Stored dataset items
....
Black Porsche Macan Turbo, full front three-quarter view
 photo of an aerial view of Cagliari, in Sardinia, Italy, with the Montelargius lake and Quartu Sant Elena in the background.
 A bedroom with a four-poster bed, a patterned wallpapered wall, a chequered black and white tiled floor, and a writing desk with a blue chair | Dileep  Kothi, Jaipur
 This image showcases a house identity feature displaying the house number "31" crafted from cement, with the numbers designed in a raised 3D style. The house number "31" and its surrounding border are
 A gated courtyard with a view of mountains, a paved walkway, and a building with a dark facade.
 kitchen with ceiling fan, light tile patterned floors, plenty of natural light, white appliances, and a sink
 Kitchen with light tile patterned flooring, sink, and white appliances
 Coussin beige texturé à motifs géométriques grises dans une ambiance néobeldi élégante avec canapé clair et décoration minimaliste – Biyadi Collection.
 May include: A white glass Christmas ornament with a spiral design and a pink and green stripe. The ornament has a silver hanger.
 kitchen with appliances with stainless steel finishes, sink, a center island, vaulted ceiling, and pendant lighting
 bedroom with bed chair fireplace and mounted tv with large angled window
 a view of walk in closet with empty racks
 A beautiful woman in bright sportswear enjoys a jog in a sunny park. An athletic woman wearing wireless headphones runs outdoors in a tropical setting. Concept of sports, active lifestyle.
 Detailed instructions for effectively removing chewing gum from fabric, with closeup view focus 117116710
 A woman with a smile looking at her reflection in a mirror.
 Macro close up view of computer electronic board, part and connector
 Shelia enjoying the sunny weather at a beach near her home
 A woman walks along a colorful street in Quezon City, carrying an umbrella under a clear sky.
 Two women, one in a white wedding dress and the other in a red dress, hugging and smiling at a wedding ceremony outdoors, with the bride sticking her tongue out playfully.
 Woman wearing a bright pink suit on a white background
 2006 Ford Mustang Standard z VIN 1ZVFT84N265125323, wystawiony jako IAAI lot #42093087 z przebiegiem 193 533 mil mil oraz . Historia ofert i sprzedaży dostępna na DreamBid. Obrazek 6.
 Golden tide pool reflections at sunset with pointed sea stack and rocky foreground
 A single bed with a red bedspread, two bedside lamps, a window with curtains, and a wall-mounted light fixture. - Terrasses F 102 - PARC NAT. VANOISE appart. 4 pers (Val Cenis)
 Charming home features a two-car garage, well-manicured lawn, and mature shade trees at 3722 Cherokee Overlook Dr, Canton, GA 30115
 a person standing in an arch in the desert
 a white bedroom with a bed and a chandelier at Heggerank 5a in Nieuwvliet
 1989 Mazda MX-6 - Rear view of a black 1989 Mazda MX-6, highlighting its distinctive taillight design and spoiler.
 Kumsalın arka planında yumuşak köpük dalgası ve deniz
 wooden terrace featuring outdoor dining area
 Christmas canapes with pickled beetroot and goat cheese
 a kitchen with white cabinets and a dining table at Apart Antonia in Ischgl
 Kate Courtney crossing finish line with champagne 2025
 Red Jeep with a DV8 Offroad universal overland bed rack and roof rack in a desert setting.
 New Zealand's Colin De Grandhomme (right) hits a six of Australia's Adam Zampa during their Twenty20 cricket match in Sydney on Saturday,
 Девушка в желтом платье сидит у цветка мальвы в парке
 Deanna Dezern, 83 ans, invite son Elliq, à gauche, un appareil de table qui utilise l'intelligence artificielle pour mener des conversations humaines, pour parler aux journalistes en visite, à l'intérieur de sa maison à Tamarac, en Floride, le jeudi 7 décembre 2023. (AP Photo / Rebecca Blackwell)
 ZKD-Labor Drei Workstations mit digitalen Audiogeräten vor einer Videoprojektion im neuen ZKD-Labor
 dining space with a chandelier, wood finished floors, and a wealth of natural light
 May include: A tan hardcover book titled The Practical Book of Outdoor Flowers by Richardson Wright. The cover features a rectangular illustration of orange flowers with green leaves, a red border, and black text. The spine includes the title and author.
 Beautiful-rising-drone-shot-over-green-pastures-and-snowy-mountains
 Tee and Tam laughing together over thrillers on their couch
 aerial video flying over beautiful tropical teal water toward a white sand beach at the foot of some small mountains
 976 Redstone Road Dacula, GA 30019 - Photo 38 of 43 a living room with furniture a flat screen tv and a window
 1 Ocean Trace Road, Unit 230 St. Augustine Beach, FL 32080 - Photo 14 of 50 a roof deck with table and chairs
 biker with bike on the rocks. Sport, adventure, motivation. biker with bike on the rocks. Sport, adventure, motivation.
....
Transcribe each of the records above exactly.

● **YOUR RESPONSE**
Black Porsche Macan Turbo, full front three-quarter view
 photo of an aerial view of Cagliari, in Sardinia, Italy, with the Montelargius lake and Quartu Sant Elena in the background.
 A bedroom with a four-poster bed, a patterned wallpapered wall, a chequered black and white tiled floor, and a writing desk with a blue chair | Dileep  Kothi, Jaipur
 This image showcases a house identity feature displaying the house number "31" crafted from cement, with the numbers designed in a raised 3D style. The house number "31" and its surrounding border are
 A gated courtyard with a view of mountains, a paved walkway, and a building with a dark facade.
 kitchen with ceiling fan, light tile patterned floors, plenty of natural light, white appliances, and a sink
 Kitchen with light tile patterned flooring, sink, and white appliances
 Coussin beige texturé à motifs géométriques grises dans une ambiance néobeldi élégante avec canapé clair et décoration minimaliste – Biyadi Collection.
 May include: A white glass Christmas ornament with a spiral design and a pink and green stripe. The ornament has a silver hanger.
 kitchen with appliances with stainless steel finishes, sink, a center island, vaulted ceiling, and pendant lighting
 bedroom with bed chair fireplace and mounted tv with large angled window
 a view of walk in closet with empty racks
 A beautiful woman in bright sportswear enjoys a jog in a sunny park. An athletic woman wearing wireless headphones runs outdoors in a tropical setting. Concept of sports, active lifestyle.
 Detailed instructions for effectively removing chewing gum from fabric, with closeup view focus 117116710
 A woman with a smile looking at her reflection in a mirror.
 Macro close up view of computer electronic board, part and connector
 Shelia enjoying the sunny weather at a beach near her home
 A woman walks along a colorful street in Quezon City, carrying an umbrella under a clear sky.
 Two women, one in a white wedding dress and the other in a red dress, hugging and smiling at a wedding ceremony outdoors, with the bride sticking her tongue out playfully.
 Woman wearing a bright pink suit on a white background
 2006 Ford Mustang Standard z VIN 1ZVFT84N265125323, wystawiony jako IAAI lot #42093087 z przebiegiem 193 533 mil mil oraz . Historia ofert i sprzedaży dostępna na DreamBid. Obrazek 6.
 Golden tide pool reflections at sunset with pointed sea stack and rocky foreground
 A single bed with a red bedspread, two bedside lamps, a window with curtains, and a wall-mounted light fixture. - Terrasses F 102 - PARC NAT. VANOISE appart. 4 pers (Val Cenis)
 Charming home features a two-car garage, well-manicured lawn, and mature shade trees at 3722 Cherokee Overlook Dr, Canton, GA 30115
 a person standing in an arch in the desert
 a white bedroom with a bed and a chandelier at Heggerank 5a in Nieuwvliet
 1989 Mazda MX-6 - Rear view of a black 1989 Mazda MX-6, highlighting its distinctive taillight design and spoiler.
 Kumsalın arka planında yumuşak köpük dalgası ve deniz
 wooden terrace featuring outdoor dining area
 Christmas canapes with pickled beetroot and goat cheese
 a kitchen with white cabinets and a dining table at Apart Antonia in Ischgl
 Kate Courtney crossing finish line with champagne 2025
 Red Jeep with a DV8 Offroad universal overland bed rack and roof rack in a desert setting.
 New Zealand's Colin De Grandhomme (right) hits a six of Australia's Adam Zampa during their Twenty20 cricket match in Sydney on Saturday,
 Девушка в желтом платье сидит у цветка мальвы в парке
 Deanna Dezern, 83 ans, invite son Elliq, à gauche, un appareil de table qui utilise l'intelligence artificielle pour mener des conversations humaines, pour parler aux journalistes en visite, à l'intérieur de sa maison à Tamarac, en Floride, le jeudi 7 décembre 2023. (AP Photo / Rebecca Blackwell)
 ZKD-Labor Drei Workstations mit digitalen Audiogeräten vor einer Videoprojektion im neuen ZKD-Labor
 dining space with a chandelier, wood finished floors, and a wealth of natural light
 May include: A tan hardcover book titled The Practical Book of Outdoor Flowers by Richardson Wright. The cover features a rectangular illustration of orange flowers with green leaves, a red border, and black text. The spine includes the title and author.
 Beautiful-rising-drone-shot-over-green-pastures-and-snowy-mountains
 Tee and Tam laughing together over thrillers on their couch
 aerial video flying over beautiful tropical teal water toward a white sand beach at the foot of some small mountains
 976 Redstone Road Dacula, GA 30019 - Photo 38 of 43 a living room with furniture a flat screen tv and a window
 1 Ocean Trace Road, Unit 230 St. Augustine Beach, FL 32080 - Photo 14 of 50 a roof deck with table and chairs
 biker with bike on the rocks. Sport, adventure, motivation. biker with bike on the rocks. Sport, adventure, motivation.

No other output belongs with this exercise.